**Recorded data**
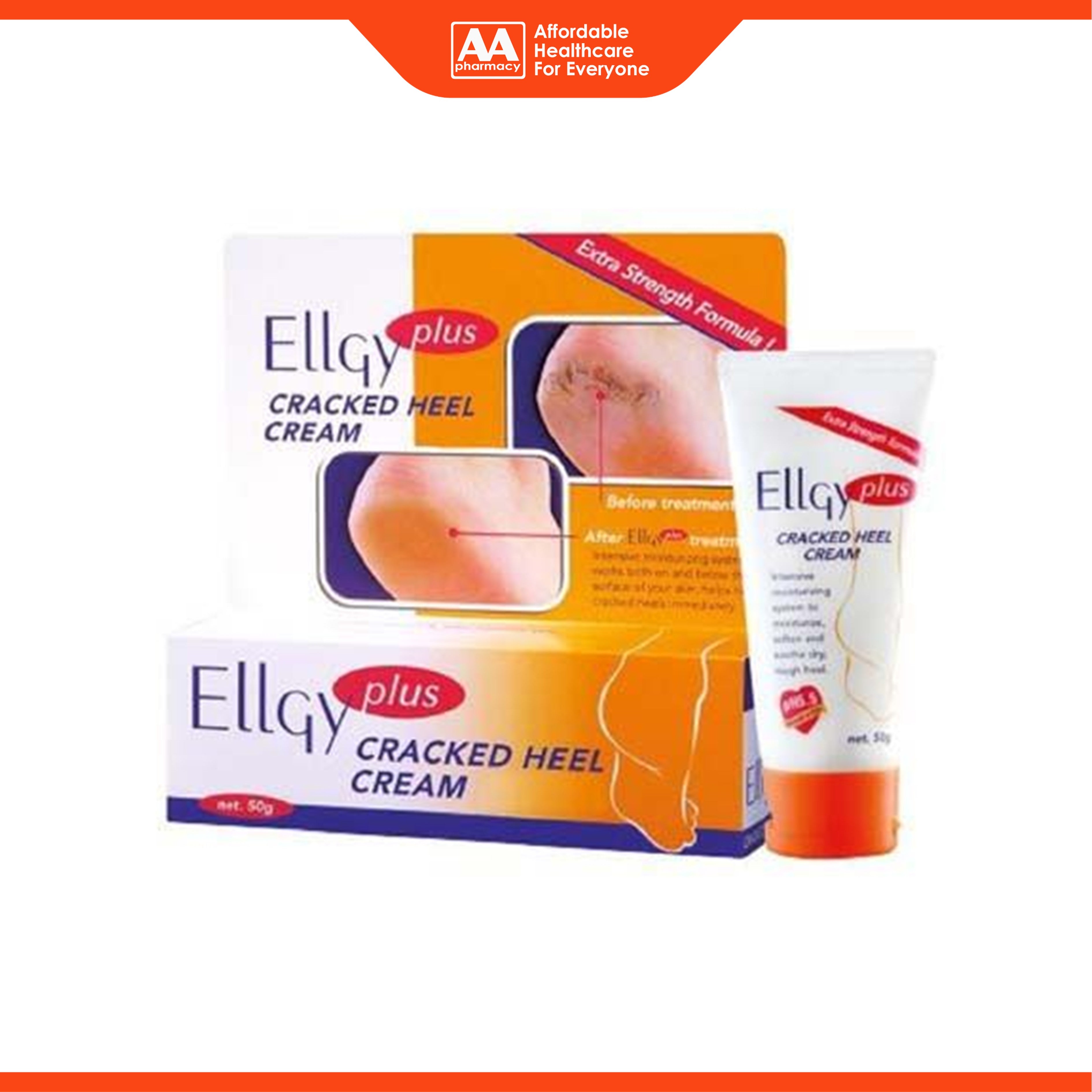 EllGy Plus Cracked Heel Cream (50g) - Extra Strength Formula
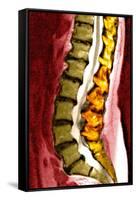 Spine Degeneration, MRI Scan-Du Cane Medical-Framed Stretched Canvas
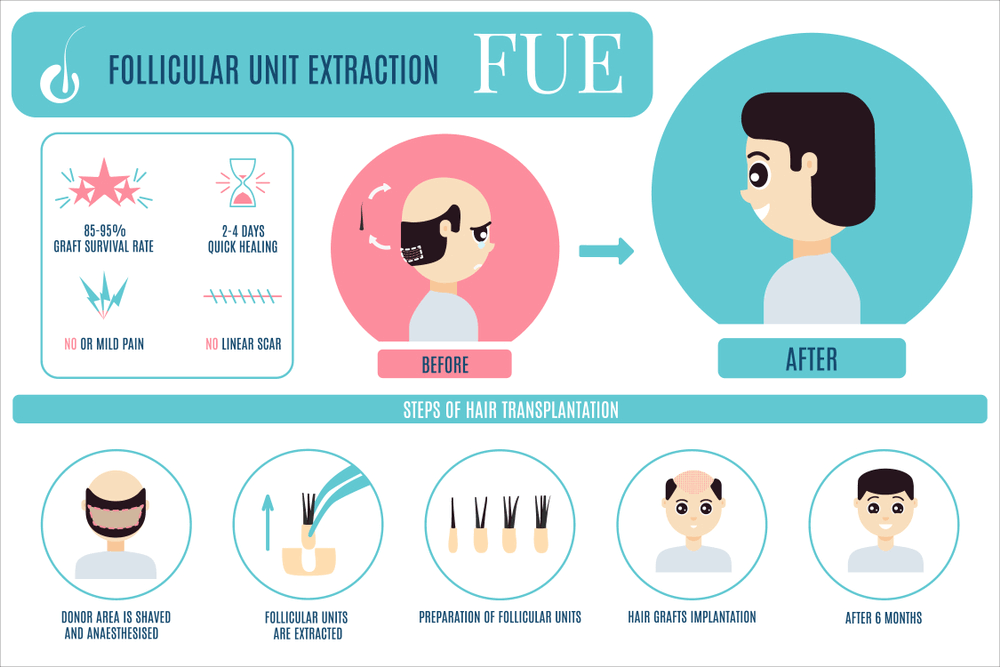 FUE Hair Transplant Cost In Pakistan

**Exercise details**
From the material above, write out exactly the lines from the line with "Spine Degeneration, MRI" through the closing line, inclusive, and no pictures.

**Answer box**
 Spine Degeneration, MRI Scan-Du Cane Medical-Framed Stretched Canvas
 FUE Hair Transplant Cost In Pakistan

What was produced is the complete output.